**INSTRUCTIONS TO FOLLOW**
Given the listing below, write out exactly the lines starting with the line that has "1994 motherlode grindin" and going on through the line that has "惠普(hp)slatebook 10-h011ru x2 10.1英寸平板电脑 自营", both kept.

**DATASET ENTRIES**

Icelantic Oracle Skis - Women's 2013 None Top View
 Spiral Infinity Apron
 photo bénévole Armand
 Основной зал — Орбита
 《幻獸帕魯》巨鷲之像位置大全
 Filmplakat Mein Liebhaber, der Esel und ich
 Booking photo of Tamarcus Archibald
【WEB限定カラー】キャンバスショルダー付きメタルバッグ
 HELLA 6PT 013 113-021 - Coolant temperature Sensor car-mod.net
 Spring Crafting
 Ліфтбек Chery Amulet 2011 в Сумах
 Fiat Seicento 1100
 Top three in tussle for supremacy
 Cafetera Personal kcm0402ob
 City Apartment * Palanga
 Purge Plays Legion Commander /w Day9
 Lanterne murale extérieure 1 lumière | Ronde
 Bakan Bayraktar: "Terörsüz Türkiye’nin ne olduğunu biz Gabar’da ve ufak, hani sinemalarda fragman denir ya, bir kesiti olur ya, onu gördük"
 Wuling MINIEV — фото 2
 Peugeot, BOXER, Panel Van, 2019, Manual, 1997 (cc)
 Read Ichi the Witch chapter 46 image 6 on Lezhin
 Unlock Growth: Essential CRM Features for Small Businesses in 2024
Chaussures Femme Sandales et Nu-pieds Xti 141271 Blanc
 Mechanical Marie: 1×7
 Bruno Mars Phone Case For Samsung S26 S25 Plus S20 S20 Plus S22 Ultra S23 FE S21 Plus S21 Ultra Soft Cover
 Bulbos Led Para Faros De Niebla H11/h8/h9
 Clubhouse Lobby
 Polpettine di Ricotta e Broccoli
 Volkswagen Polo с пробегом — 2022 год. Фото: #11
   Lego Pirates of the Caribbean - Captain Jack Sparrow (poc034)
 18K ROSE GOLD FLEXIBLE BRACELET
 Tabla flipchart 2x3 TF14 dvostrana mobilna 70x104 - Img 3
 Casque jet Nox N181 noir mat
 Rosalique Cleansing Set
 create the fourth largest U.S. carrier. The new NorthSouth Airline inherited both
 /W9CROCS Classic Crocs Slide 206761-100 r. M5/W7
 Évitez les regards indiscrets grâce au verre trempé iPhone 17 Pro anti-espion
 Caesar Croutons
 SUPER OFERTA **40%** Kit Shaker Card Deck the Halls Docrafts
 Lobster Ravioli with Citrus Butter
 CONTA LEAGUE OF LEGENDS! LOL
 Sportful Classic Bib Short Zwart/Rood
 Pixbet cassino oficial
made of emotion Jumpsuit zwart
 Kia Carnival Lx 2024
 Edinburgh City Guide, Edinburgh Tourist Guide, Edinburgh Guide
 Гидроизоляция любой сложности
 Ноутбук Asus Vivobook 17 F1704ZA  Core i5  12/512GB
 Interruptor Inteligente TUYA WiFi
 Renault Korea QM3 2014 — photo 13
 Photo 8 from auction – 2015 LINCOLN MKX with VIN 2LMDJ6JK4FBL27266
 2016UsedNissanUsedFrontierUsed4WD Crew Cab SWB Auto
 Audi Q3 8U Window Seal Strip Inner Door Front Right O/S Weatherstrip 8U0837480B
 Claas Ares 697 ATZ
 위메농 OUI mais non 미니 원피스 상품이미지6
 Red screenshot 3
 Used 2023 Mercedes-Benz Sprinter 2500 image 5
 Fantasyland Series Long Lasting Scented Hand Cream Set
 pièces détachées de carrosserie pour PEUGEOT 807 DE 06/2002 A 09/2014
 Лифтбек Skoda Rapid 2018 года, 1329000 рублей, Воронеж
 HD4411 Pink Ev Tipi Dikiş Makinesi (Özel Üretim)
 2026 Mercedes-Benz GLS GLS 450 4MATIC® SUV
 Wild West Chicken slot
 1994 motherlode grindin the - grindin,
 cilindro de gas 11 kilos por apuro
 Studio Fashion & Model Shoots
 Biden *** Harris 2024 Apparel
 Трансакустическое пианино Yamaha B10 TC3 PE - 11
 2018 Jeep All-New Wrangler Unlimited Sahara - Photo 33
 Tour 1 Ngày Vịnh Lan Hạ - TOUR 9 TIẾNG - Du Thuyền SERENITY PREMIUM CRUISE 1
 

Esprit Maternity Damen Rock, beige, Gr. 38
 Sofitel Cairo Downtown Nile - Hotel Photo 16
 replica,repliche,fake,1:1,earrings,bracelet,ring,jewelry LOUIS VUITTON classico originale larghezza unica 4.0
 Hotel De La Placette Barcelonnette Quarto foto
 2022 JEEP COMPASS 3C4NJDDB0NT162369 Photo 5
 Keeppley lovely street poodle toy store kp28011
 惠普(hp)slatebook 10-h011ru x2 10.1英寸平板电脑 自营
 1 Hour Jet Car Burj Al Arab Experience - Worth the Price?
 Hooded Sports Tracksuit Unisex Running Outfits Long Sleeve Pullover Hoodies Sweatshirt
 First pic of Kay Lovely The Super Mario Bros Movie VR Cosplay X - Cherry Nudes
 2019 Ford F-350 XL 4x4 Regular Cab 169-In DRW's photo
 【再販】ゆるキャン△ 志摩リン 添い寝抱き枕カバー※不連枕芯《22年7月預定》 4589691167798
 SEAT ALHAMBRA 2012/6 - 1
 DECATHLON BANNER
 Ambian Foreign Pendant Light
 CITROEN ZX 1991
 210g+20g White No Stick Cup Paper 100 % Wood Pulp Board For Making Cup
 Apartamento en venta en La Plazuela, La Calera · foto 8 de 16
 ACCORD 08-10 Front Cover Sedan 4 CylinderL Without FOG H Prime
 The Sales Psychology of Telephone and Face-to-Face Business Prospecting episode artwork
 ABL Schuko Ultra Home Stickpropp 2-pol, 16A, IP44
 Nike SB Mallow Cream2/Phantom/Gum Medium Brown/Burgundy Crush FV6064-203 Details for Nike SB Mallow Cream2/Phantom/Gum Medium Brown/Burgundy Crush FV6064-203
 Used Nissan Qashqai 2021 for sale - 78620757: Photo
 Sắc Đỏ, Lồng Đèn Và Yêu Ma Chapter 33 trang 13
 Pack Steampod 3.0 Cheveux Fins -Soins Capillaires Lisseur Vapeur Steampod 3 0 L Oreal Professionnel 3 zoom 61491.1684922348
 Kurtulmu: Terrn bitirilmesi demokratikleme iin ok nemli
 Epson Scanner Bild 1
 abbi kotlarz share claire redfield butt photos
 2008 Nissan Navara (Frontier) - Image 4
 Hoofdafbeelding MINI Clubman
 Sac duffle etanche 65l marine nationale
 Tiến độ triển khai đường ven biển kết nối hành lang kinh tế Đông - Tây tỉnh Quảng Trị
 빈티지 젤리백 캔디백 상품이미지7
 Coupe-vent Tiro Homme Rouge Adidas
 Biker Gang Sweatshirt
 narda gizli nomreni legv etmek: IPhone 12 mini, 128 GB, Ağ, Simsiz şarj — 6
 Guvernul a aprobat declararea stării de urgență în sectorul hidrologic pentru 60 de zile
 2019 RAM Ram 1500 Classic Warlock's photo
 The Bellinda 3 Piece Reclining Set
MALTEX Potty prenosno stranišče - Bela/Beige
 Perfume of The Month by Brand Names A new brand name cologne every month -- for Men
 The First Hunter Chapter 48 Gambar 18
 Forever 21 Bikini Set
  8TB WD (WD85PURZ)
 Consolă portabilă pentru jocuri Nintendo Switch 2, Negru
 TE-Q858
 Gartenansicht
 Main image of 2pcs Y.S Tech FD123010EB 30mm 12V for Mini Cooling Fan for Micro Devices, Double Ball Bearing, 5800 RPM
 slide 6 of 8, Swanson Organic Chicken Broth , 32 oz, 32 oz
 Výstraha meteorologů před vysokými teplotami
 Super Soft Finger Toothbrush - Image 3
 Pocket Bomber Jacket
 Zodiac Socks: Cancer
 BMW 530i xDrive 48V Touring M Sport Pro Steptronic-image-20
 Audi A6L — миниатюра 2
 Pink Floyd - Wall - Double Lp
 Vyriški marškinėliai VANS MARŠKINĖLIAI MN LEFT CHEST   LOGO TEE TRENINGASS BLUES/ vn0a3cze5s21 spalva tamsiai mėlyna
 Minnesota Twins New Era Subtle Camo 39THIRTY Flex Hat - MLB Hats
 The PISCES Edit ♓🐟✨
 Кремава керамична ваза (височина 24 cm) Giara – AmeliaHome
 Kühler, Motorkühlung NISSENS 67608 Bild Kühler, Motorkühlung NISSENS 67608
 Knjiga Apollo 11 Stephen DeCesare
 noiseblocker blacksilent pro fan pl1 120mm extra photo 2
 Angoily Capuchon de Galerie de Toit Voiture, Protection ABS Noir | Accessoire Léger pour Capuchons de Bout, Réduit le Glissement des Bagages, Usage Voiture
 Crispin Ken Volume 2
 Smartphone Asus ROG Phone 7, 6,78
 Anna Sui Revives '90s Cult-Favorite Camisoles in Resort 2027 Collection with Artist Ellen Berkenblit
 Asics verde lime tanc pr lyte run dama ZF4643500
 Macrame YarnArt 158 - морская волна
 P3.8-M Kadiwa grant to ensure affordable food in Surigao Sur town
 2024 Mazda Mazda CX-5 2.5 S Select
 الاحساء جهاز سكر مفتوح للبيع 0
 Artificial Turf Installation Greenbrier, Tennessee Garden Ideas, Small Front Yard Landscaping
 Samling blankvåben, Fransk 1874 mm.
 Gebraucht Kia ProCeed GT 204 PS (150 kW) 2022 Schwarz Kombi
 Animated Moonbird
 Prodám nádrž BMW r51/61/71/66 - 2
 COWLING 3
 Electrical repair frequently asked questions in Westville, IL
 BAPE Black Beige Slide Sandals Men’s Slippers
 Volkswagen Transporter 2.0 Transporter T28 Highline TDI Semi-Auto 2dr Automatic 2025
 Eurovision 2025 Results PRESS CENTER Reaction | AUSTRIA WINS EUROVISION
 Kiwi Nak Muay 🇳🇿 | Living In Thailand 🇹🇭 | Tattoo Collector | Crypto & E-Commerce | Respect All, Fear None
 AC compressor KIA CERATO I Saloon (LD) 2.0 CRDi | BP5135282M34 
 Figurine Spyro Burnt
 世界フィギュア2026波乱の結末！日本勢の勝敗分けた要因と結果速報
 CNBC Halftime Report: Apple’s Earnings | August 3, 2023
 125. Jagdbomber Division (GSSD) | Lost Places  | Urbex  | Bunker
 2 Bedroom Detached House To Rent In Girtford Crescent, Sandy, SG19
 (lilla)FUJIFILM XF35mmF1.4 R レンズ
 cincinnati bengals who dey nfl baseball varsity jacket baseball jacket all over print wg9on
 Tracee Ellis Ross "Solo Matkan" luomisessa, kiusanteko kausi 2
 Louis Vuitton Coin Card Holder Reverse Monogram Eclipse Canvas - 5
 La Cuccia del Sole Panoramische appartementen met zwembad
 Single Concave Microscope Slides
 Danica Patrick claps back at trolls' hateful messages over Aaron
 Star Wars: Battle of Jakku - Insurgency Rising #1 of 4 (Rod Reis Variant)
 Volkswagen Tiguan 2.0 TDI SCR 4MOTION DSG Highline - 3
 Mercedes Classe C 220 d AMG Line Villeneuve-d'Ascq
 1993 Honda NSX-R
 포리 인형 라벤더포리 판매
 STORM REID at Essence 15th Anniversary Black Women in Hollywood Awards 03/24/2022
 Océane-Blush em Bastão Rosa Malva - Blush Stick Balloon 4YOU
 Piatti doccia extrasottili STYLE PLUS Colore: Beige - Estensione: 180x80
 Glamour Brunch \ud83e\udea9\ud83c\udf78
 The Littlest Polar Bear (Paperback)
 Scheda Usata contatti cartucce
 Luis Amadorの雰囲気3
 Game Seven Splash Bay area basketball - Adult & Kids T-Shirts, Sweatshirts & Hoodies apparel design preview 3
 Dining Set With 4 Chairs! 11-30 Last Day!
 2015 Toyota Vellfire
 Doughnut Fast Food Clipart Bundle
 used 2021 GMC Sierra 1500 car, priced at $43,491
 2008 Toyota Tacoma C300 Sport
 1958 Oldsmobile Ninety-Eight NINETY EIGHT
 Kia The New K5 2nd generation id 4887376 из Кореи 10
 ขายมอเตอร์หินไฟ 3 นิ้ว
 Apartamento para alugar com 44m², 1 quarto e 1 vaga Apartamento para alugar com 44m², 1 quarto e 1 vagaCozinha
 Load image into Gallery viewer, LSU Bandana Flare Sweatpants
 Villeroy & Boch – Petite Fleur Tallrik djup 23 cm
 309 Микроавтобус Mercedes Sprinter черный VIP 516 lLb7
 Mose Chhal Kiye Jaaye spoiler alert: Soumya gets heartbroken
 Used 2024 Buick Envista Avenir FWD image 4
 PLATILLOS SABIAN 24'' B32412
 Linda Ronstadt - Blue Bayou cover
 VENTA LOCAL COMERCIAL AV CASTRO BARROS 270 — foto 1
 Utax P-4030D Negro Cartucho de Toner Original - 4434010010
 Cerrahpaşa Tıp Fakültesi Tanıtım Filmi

**TASK RESPONSE**
 1994 motherlode grindin the - grindin,
 cilindro de gas 11 kilos por apuro
 Studio Fashion & Model Shoots
 Biden *** Harris 2024 Apparel
 Трансакустическое пианино Yamaha B10 TC3 PE - 11
 2018 Jeep All-New Wrangler Unlimited Sahara - Photo 33
 Tour 1 Ngày Vịnh Lan Hạ - TOUR 9 TIẾNG - Du Thuyền SERENITY PREMIUM CRUISE 1
 

Esprit Maternity Damen Rock, beige, Gr. 38
 Sofitel Cairo Downtown Nile - Hotel Photo 16
 replica,repliche,fake,1:1,earrings,bracelet,ring,jewelry LOUIS VUITTON classico originale larghezza unica 4.0
 Hotel De La Placette Barcelonnette Quarto foto
 2022 JEEP COMPASS 3C4NJDDB0NT162369 Photo 5
 Keeppley lovely street poodle toy store kp28011
 惠普(hp)slatebook 10-h011ru x2 10.1英寸平板电脑 自营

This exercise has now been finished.